Je croyais vraiment que Ph. Schlenker faisait de la sémantique et pas de la philo du langage (mais la différence n'est en effet pas toujours claire pour moi).
Tiercelin me paraît un bon intermédiaire entre un questionnement métaphysique (et donc l'éventuel esprit de système) et la recherche non-systématique naturaliste. Paul Egré ou Jérôme Dokic seront peut-être des critiques plus décisifs de l'épistémologie de Timothy Williamson mais c'est elle qui pour l'instant a publié un livre sur le scepticisme et Barry Stroud.
Sur: "Je croyais vraiment que Ph.

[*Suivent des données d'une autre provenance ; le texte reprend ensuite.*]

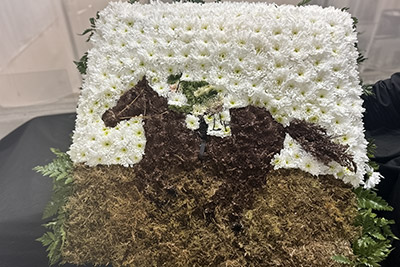 Funeral memorial flower arrangement by All Occasions florist of Howden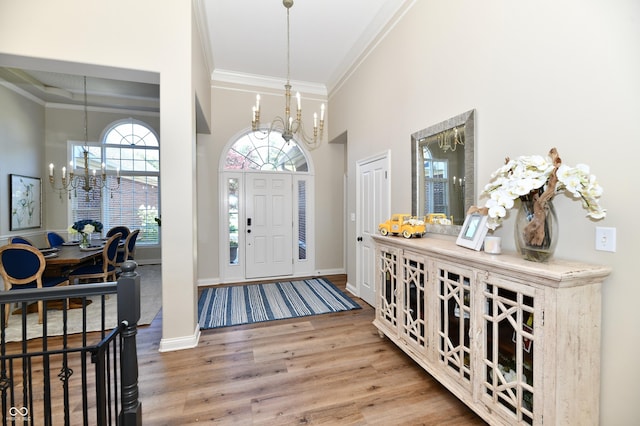 7413 Misty Woods Ln, Indianapolis, IN 46237 - entrance foyer featuring a chandelier, crown molding, wood finished floors, and a towering ceiling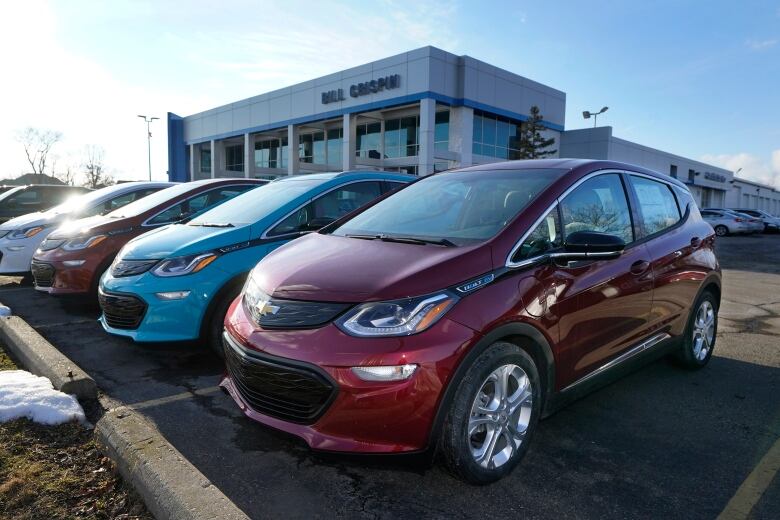 Red and blue cars in the parking lot outside a white dealership building.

Schlenker faisait de la sémantique et pas de la philo du langage"
Je me disais la même chose jusqu'à la publication de son dernier papier Super-liars que je classerais en philo plutôt qu'en linguistique. En vérifiant sa biblio sur Philpapers, je me rends compte que certains de ses anciens papiers sont également en philo du langage plutôt qu'en linguistique.

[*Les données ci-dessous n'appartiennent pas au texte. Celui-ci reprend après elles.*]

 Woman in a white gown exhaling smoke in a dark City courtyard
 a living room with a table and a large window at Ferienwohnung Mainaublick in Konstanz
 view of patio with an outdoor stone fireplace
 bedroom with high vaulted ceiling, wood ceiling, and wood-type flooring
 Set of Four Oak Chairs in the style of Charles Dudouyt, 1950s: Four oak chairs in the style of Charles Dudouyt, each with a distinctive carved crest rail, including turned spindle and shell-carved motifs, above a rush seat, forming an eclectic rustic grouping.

Pour la succession de C.Tiercelin il faudrait penser à Paul Egré... mais pour le coup les "French theorists" risquent de faire une crise cardiaque car on trouve dans ses articles des démonstrations de type mathématique (des vraies, pas des "mathèmes" lacano-badiousistes). Ce qui lui a valu sur internert les remontrances aigres de son ancien camarade de classe, le "critique de la critique" Harold Bernat.
Quant à Rorty c'est beaucoup plus qu'un "pragmatiste derridien". Comme l'a bien dit Bouveresse, Derrida n'aurait sans doute pas apprécié la lecture que faisait de lui Rorty, en gros à peu près le même usage que celui d'une belle orchidée avec laquelle on peut jouer... l'excellent ouvrage constitué d'articles sur Rorty (y compris de Bouveresse) et de réponses de ce dernier est essentiel si on veut comprendre l'originalité de ce penseur capable de discuter avec Davidson ou Dummett comme de converser sur Derrida...
ci-joint la Lettre ouverte de Jacques Bouveresse au Nouvel Observateur en réponse à l'article d'Aude Lancelin cité plus haut : http://blog.agone.org/post/2011/06/27/Poussee-de-nationalisme-philosophique-a-la-rue-d-Ulm
Mais je suppose qu'une bonne part de ceux qui hantent ces lieux l'auront déjà lue.
Merci beaucoup, je ne l'avais pas encore vu. Bouveresse est cinglant et lui qui avait déjà des préventions contre les journalistes a l'air excédé et las.
Mais il exagère quand il semble dire que la Rue d'Ulm serait entièrement et définitivement hostile à la philosophie analytique.
Le CIEPFC l'est en grande partie (et les profs de philo de Khâgne ont la réputation de l'être) mais l'Institut Jean Nicod est rue d'Ulm aussi (qu'on n'aille pas opposer le 29 et le 45), ce qui la rend plus "pluraliste" que Lancelin ou Bouveresse ne semblent le croire. La philo analytique n'est plus une petite forteresse assiégée ou menacée, elle a une part non-négligeable dans de nombreux Départements français et au CNRS.